→ Problem to work on: Once the pictures are set aside, repeat all of the data below exactly.

+++ Data shown +++

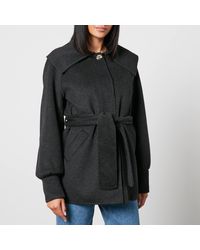 Ganni - Belted Wool-Blend Jacket - Lyst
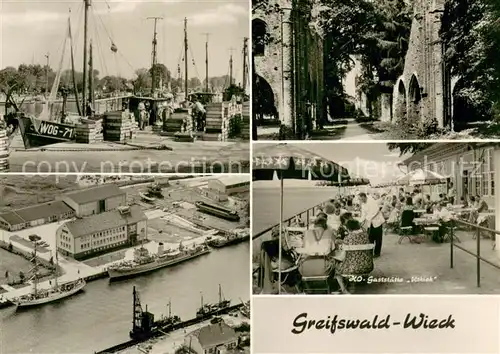 AK / Ansichtskarte Greifswald Fischereihafen Teilansichten HO Gaststaette Utkiek Greifswald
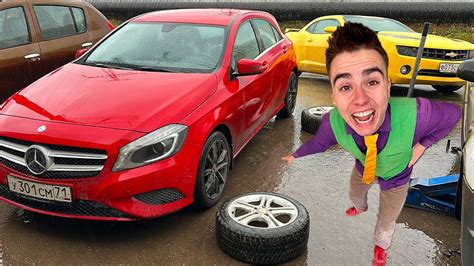 Mr. Joe Punctured Tire VS Brother Mr. Joe on Mercedes Benz for Kids - YouTube
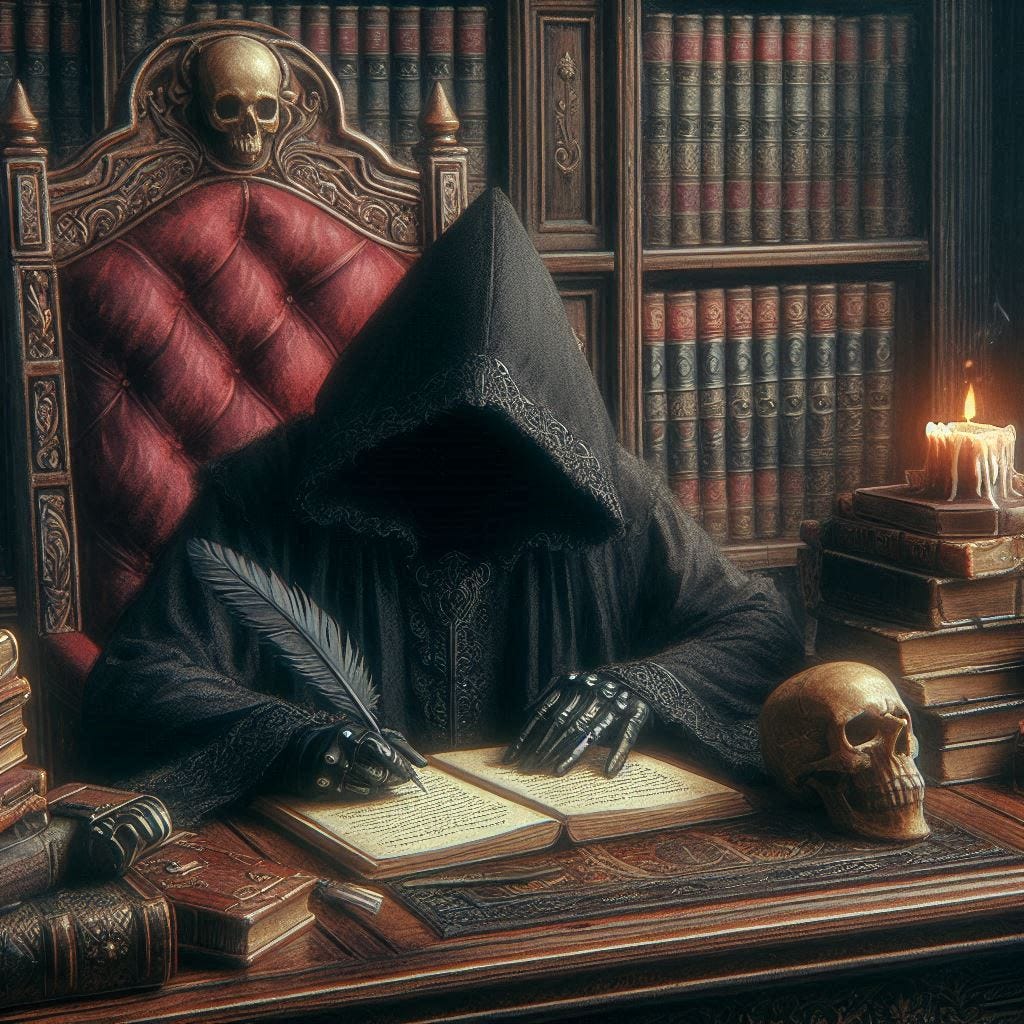 A hooded dark lord writes at his ornate desk with a black-feathered pen seated in a carved wooden throne with red-velvet padding. Behind him his office is filled with ancient leatherbound tomes. There is a skull and a burning wax candle on the desk. Slight impressionist style.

+++

→ Reply:
 Ganni - Belted Wool-Blend Jacket - Lyst
 AK / Ansichtskarte Greifswald Fischereihafen Teilansichten HO Gaststaette Utkiek Greifswald
 Mr. Joe Punctured Tire VS Brother Mr. Joe on Mercedes Benz for Kids - YouTube
 A hooded dark lord writes at his ornate desk with a black-feathered pen seated in a carved wooden throne with red-velvet padding. Behind him his office is filled with ancient leatherbound tomes. There is a skull and a burning wax candle on the desk. Slight impressionist style.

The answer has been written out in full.